> _Exercise objective_
Use the entries below and reproduce exactly the lines from the one containing "Sleeper Tractor-Heavy Duty" down to the one containing "Used 2017 Chevrolet", both of them included.

> _Records_
+===+

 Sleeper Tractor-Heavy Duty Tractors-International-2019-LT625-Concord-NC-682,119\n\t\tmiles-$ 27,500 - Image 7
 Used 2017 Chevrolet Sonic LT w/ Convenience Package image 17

+===+

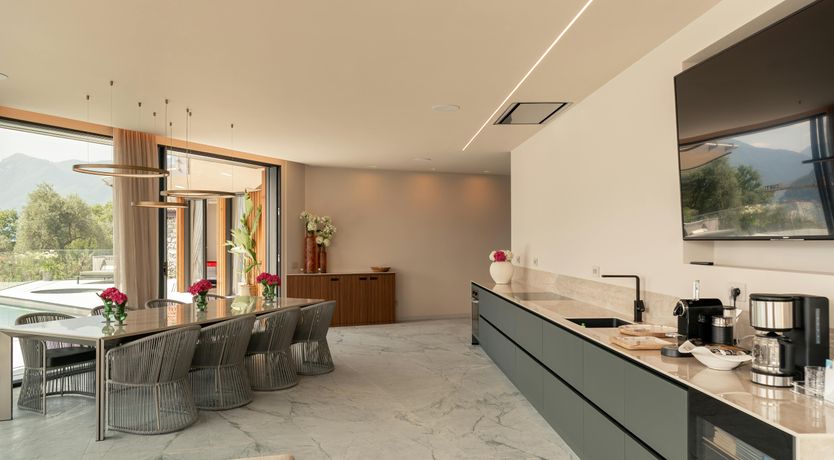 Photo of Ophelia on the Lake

+===+

> _Answer section_
 Sleeper Tractor-Heavy Duty Tractors-International-2019-LT625-Concord-NC-682,119\n\t\tmiles-$ 27,500 - Image 7
 Used 2017 Chevrolet Sonic LT w/ Convenience Package image 17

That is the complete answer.